Below is the synopsis of "Get Out," per Rotten Tomatoes.
Now that Chris and his girlfriend, Rose, have reached the meet-the-parents milestone of dating, she invites him for a weekend getaway upstate with Missy and Dean. At first, Chris reads the family's overly accommodating behavior as nervous attempts to deal with their daughter's interracial relationship, but as the weekend progresses, a series of increasingly disturbing discoveries lead him to a truth that he could have never imagined.
"Get Out" still holds a fresh rating of 98 percent and an audience score 86 percent on Rotten Tomatoes (at the time of publication). The instant classic gained five Academy Award nominations in 2018, including Best Actor and Best Picture, winning Best Original Screenplay. "Get Out" made over $255 million globally at the box office, proving again that cinema that talks meaningfully about race and class can bring in the big bucks.

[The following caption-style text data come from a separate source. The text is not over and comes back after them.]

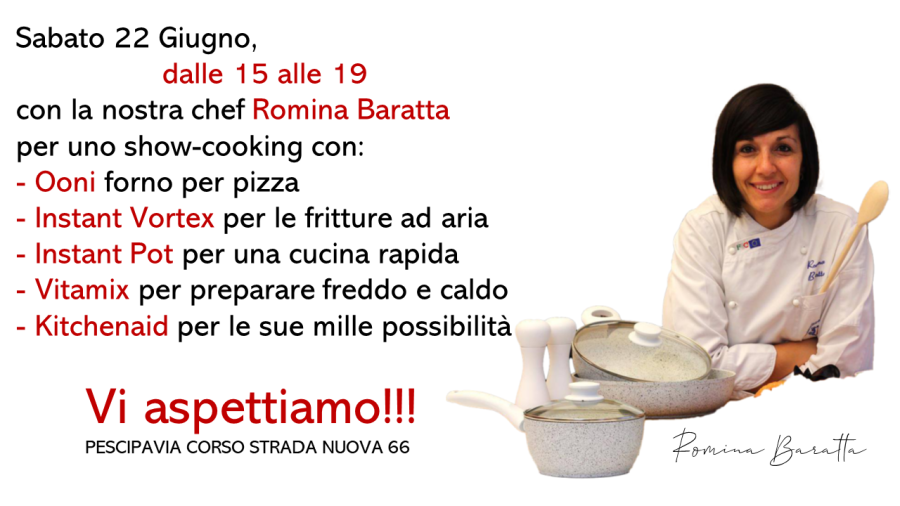 romina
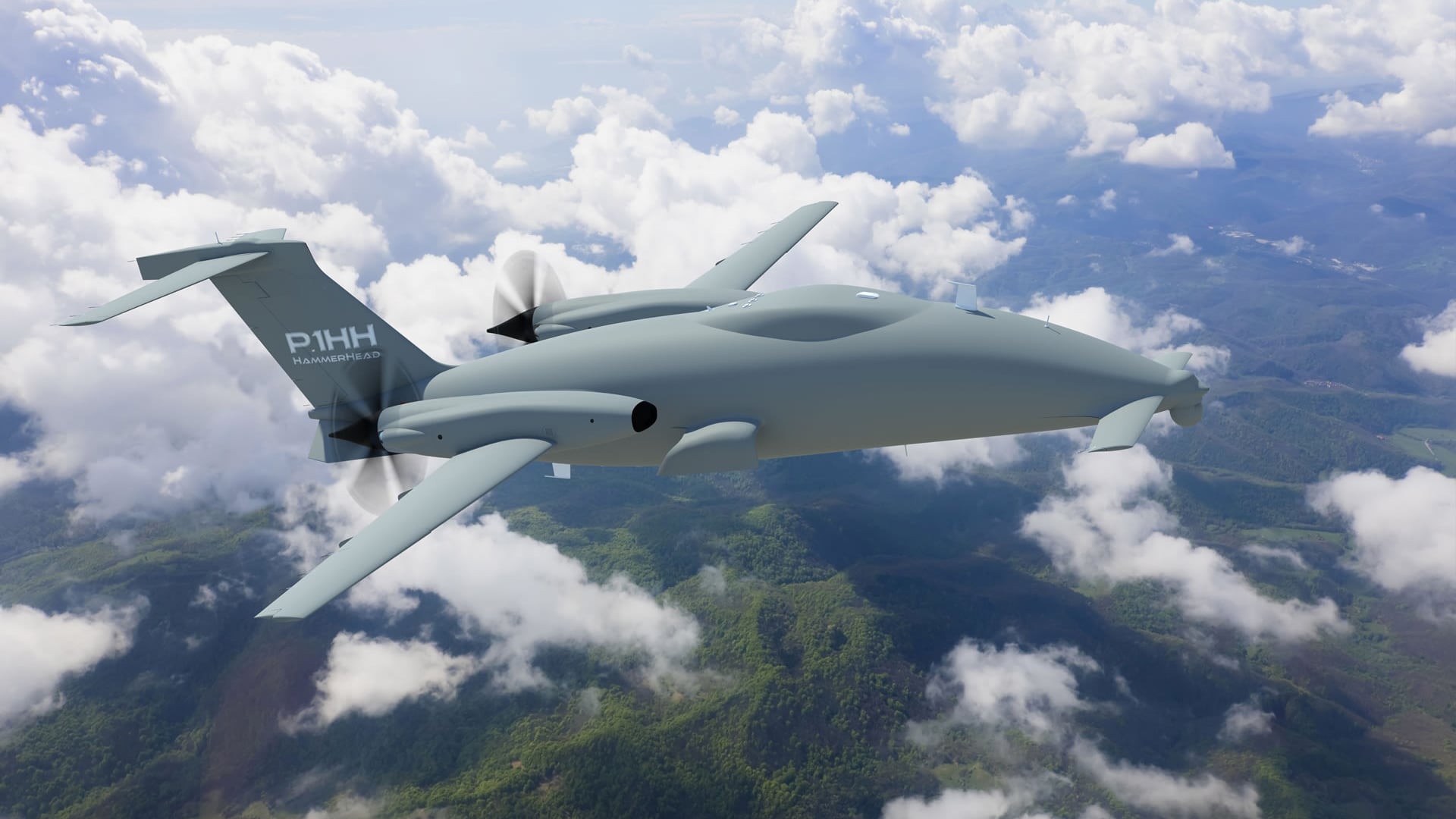 "Programma comune tra l'Italia e gli Emirati: nessun giallo sul drone"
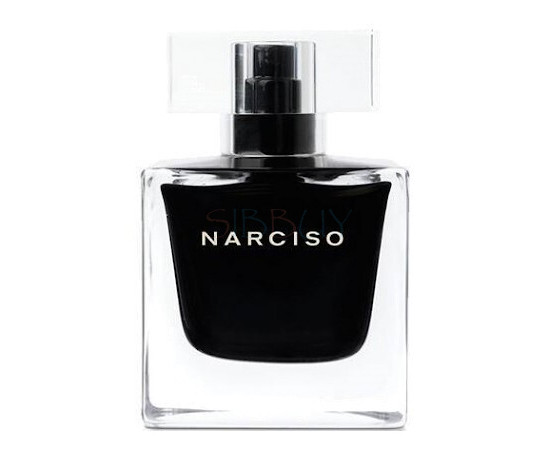 Купить недорого Аромат Narciso Rodriguez Narciso Eau de Toilette Туалетная вода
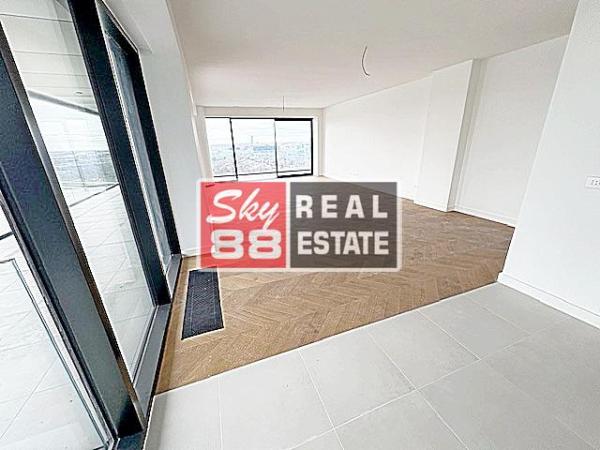 Slika 4 - Četvorosoban stan na prodaju, 228m2, 2.394.000€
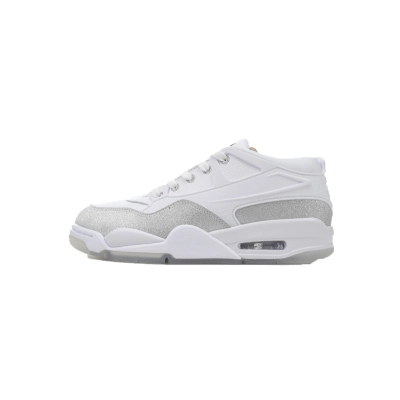 Pkgod Air Jordan 4 RM All Stars HQ3441-111 01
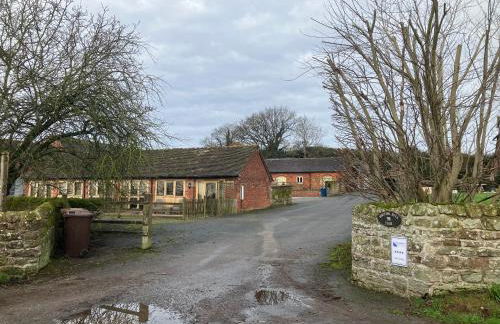 The Shippen - Foto 17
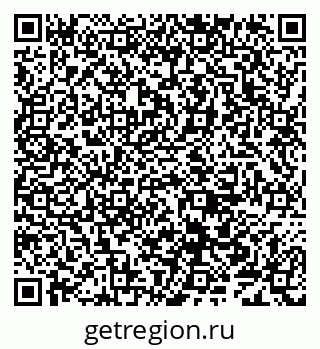 79638009356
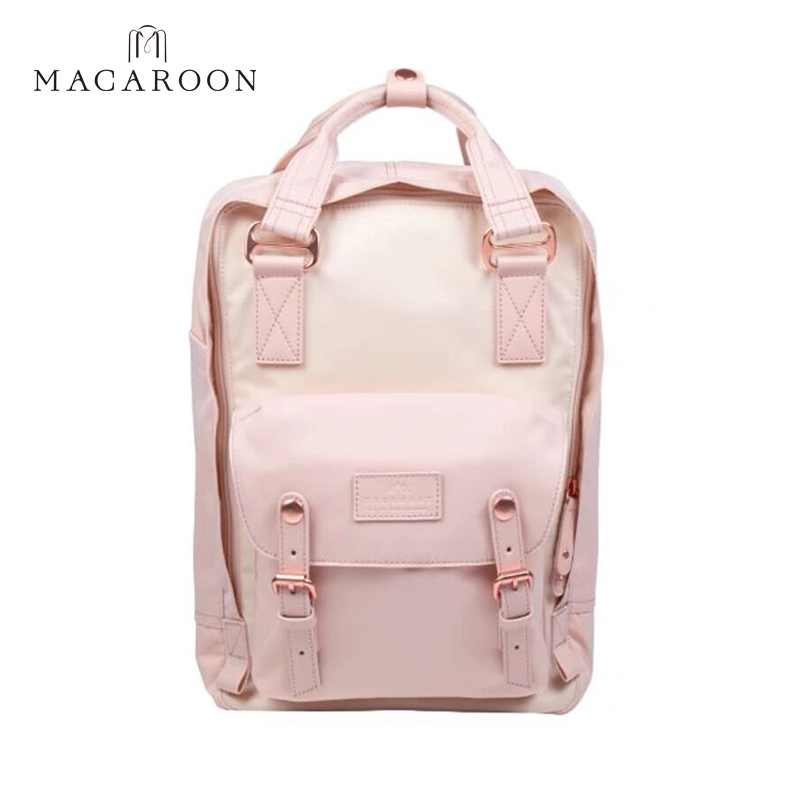 Doughnut bag shopee sales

"Get Out," in particular, brought social commentary to modern-day horror, tackling the terrifying reality of white supremacy and anti-black racism in America. Mary Elizabeth Williams wrote for Salon:
But what makes the film exceptional is its skillful distillation of racial anxiety into true horror. A black man is shown to be correct in his unease in walking around a desolate white neighborhood. Seemingly offhanded insensitive comments are, as it turns out, not offhanded at all. And when, late in the film, a police car shows up, is it any wonder the audience exudes a palpable wave of nervous suspense? Yet the cleverness of "Get Out" goes even deeper. This isn't a facile fable about the very real evils of racism, one in which the villains are typical mouth-breathing rednecks. By focusing the storyline on a particular form of racism — the kind that's often disguised as peculiar envy — "Get Out" reveals something more insidious.
Below is the synopsis of "The Cabin in the Woods," per Rotten Tomatoes.
Five friends go to a remote cabin in the woods. Bad things happen. If you think you know this story, think again. From fan favorites Joss Whedon and Drew Goddard comes The Cabin in the Woods, a mind blowing horror film that turns the genre inside out. -- (C) Lionsgate
"The Cabin in the Woods" came out in 2012 and holds a fresh rating of 91 percent and an audience score of 74 percent on Rotten Tomatoes (at the time of publication). The sleeper hit also made $66 million globally at the box office. "The Cabin in the Woods" breaks down all of the horror genre's tropes and the character archetypes and turns the formulaic horror movie inside out. The film also explores sub-genres of horror: slasher, creature feature and supernatural. Eric Kohn wrote for Indiewire:
Indeed, this Drew Goddard-directed effort, co-scripted by genre auteur Joss Whedon, ranks among one of the most wryly self-aware works of American pop culture entertainment in years. Relentlessly toying around with a meta story, “The Cabin in the Woods” is sometimes too clever for its own good. However, by successfully analyzing tired formulas, it gives them new life.